■ Data for this task:
»»

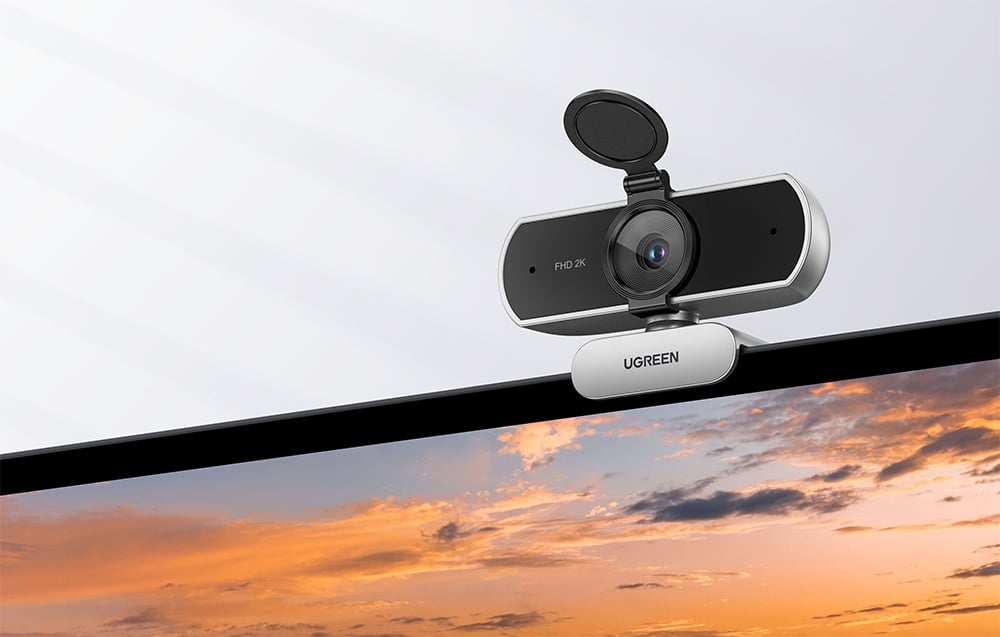 Black UGREEN webcam with a privacy cover attached to the edge of a monitor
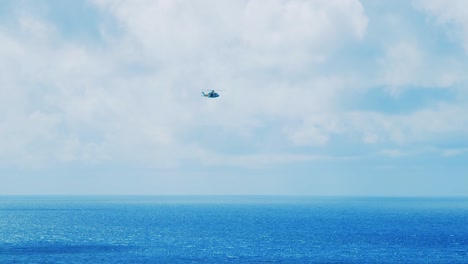 Curacao-Coastguard-helicopter-flying-across-the-ocean-on-a-clear-and-sunny-day-in-Curacao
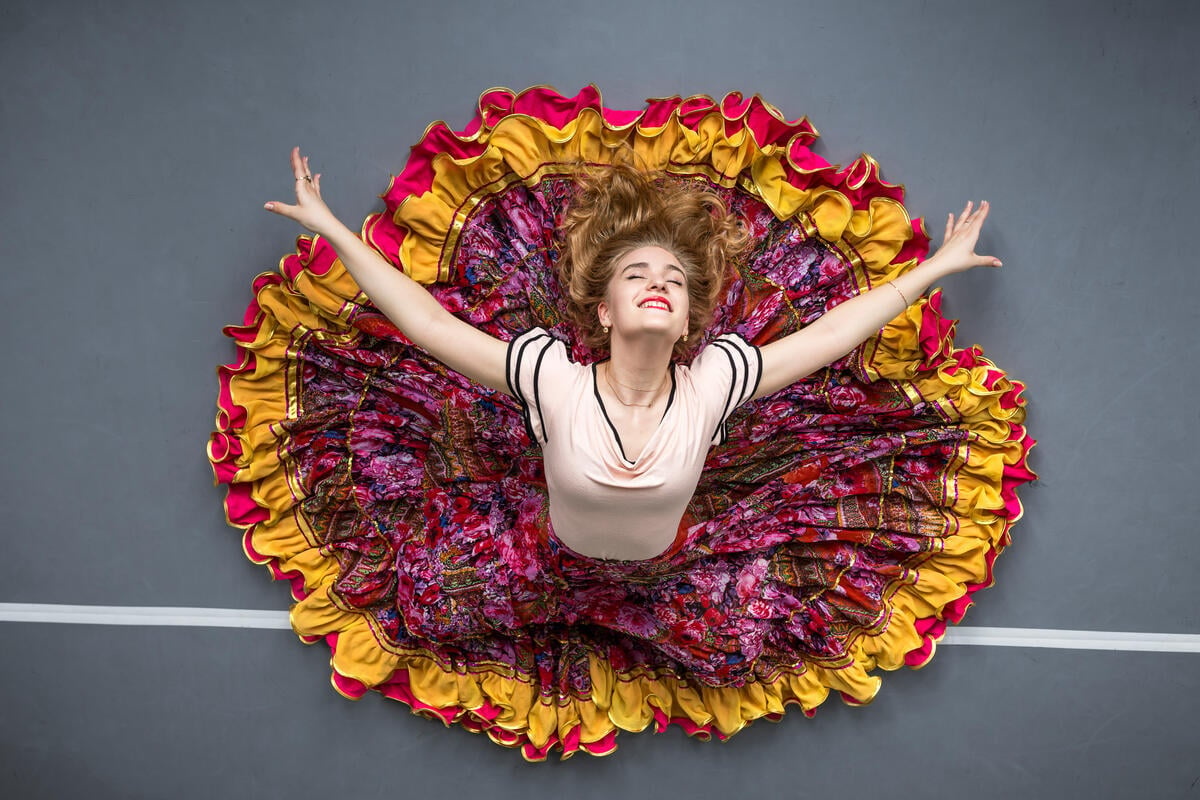 Una mujer posa para una foto tomada desde el aire en una postura de danza que resalta una gran falda colorida que se abre en círculo sobre el piso mientras ella abre sus brazos hacia fuera sonriendo.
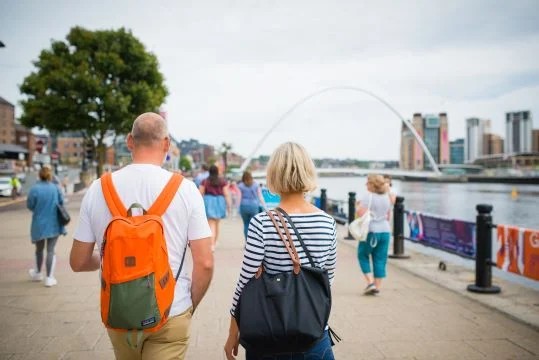People walking along Newcastle Quayside beside the River Tyne, with the Gateshead Millennium Bridge in the background.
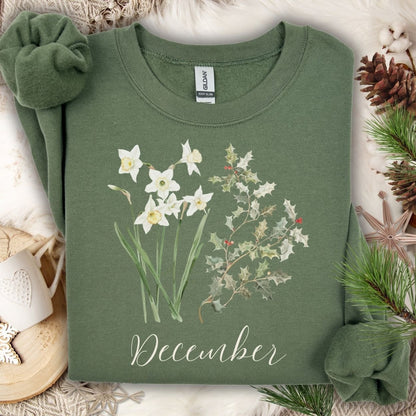 Military Green unisex sweatshirt with watercolor narcissus, holly, and "December" text.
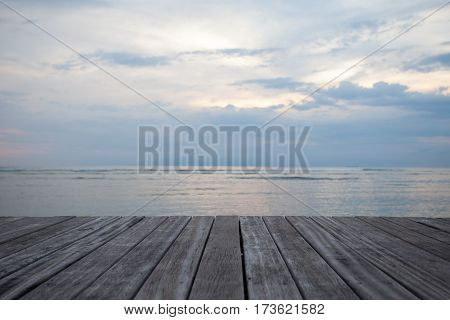 Closeup of old wooden floors and a tropical beach at sunset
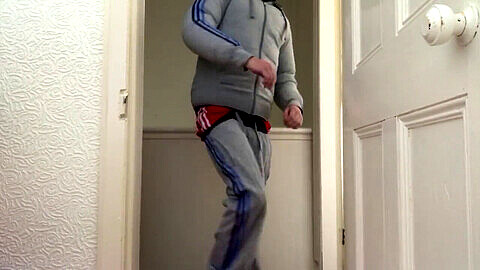 Britischer Teenager Chav in Puffa-Jacke und Adidas-Trainingsanzug befriedigt sich mit seinem Scally-Lad-Stil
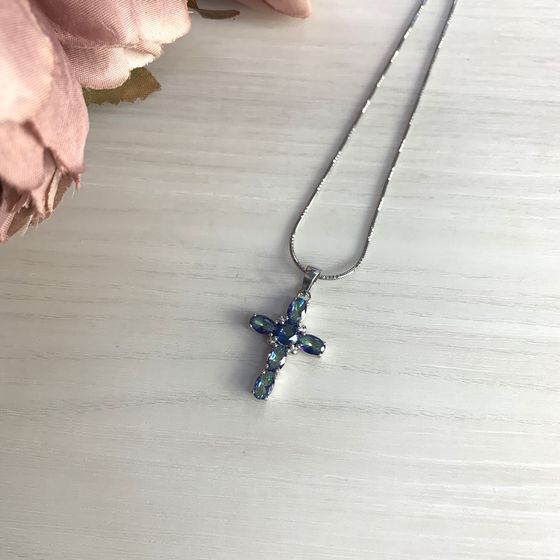 Silver cross with mystic topaz.
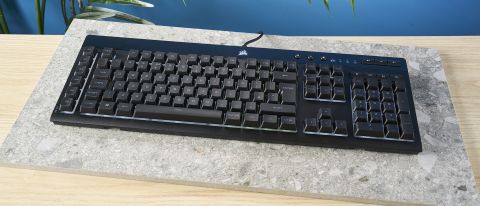 A black Corsair K55 RGB Pro wired gaming keyboard with rubber dome switches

««

■ What you are asked to do: Repeat only the lines from the one with "Silver cross with mystic topaz." through the end of the data, both included and exactly as written. Pictures stay out of the copy.

■ Task output:
 Silver cross with mystic topaz.
 A black Corsair K55 RGB Pro wired gaming keyboard with rubber dome switches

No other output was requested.